After a brief pause for some sea kayaking in the north-west highlands of Scotland, it's back to the summer conference season for me: this week I'm in Leiden in the Netherlands, where we're still talking about supermassive black holes [see the conference website here].
|Taking a much needed break from the conference season|
And it seems there's still a lot to talk about. To summarise the first two days in a nutshell, astronomers don't agree about how the supermassive black holes (SMBHs) that live in the centres of massive galaxies got to be as "supermassive" (i.e. heavy) as they are. The story starts with observations made over 10 years ago, which showed that the mass (i.e. weight) of a SMBH is correlated with the mass of the galaxy in which it lives. [For more info, read about the M-sigma relation here]. So, the more massive the galaxy, the more massive the supermassive black hole in its centre.
The problem is that a correlation between two observables does not necessarily mean they are causally connected. Take a more down to Earth example: it can be shown that as ice cream sales increase, the rate of deaths by drowning increases. If you take this statement at face value and don't stop to think about it, you would naturally conclude that ice cream consumption causes drowning. But of course there is a "hidden variable" that needs to be taken into account: the weather.

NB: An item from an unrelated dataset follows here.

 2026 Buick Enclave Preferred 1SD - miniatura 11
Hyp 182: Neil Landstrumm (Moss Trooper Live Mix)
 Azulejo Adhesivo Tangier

This is a very appropriate example for the unusually warm temperatures we are enjoying here in the Netherlands this week! Obviously hot weather causes more people to eat ice cream and more people to take a swim, unfortunately sometimes fatally, but probably not while eating their ice cream.

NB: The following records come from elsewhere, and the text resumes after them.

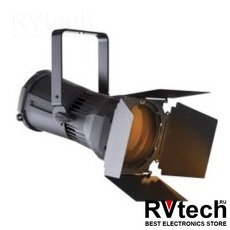 Robe ROBIN iParFect 150 FW RGBA Световой прибор, Купить Robe ROBIN iParFect 150 FW RGBA Световой прибор в магазине РадиоВидео.рф, Прожекторы LED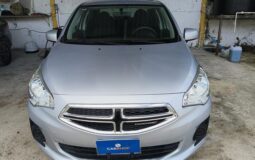 DODGE ATTITUDE SE CVT 2024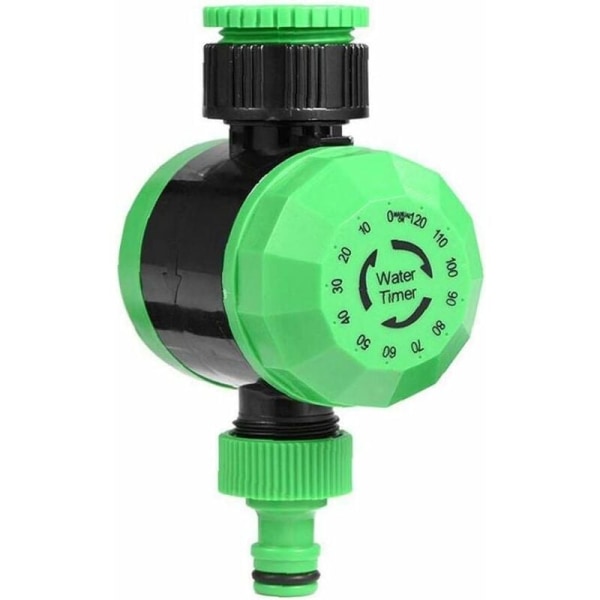 Hage Automatisk Vanningstimer Mekanisk Timer Hage Irrigasjon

So the problem we are trying to solve is: is there a "causal connection" between galaxy mass and supermassive black hole mass? Or is there a "hidden variable" that causes them both to grow together? Let's look at the two main contenders:
Hidden variable: gravity
|The Mice merger: a collision of massive galaxies with plenty of |
gas in the local Universe. The tails of the Mice are caused
by strong gravitational forces acting on the gas and the stars in the
galaxies as they passed one another for the first time about
two hundred million years ago. The two galaxies will collide in around
700 million years time as gravity finally manages to pull them together.

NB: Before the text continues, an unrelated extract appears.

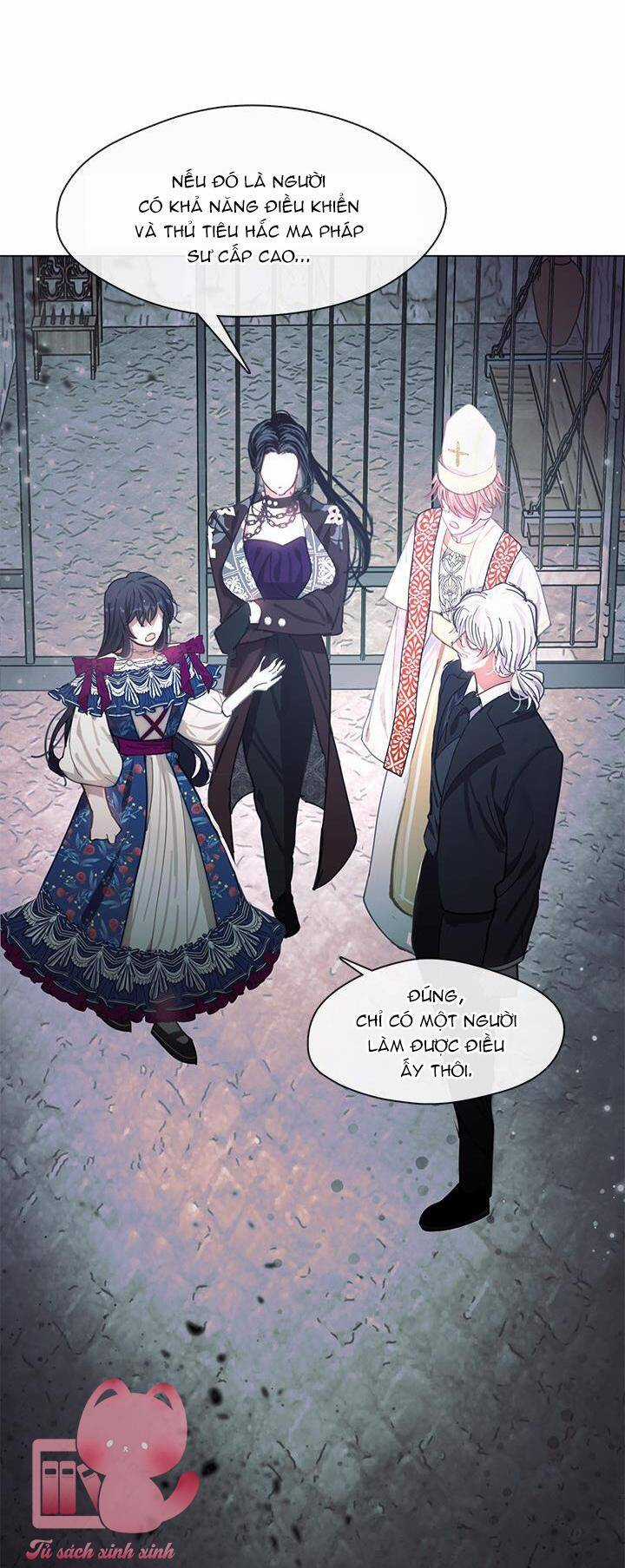 Gia Đình Bị Ám Ảnh Bởi Tôi Gói kỳ nghỉ gia đình Chapter 68 trang 59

If both galaxies have supermassive black holes in their centres,
they will merge at the same time. Image Credit:
There are several important forces in physics that attract or repel objects towards or away from each another (I'm sure you can all recall these from your school physics lessons!). Luckily for astronomers interested in how galaxies form and evolve, the only dominant force that acts over large enough distances to be important to galaxies is the force of gravity (ok, this is not quite true, ask a cosmologist about dark energy, but it's not so relevant here). In the early Universe gas was distributed almost, but not completely, homogeneously. Over time, the regions with the highest densities (i.e. amount of mass in a given volume) had the largest gravity force and therefore attracted more gas, making them denser. Stars formed from this gas, and we think that the first black holes must have formed from these first stars. Time keeps progressing, and the regions with the highest densities always have the largest gravity force and always attract more gas, more stars and more black holes. So this looks trivial right? The biggest black holes form in the biggest galaxies, because of gravity.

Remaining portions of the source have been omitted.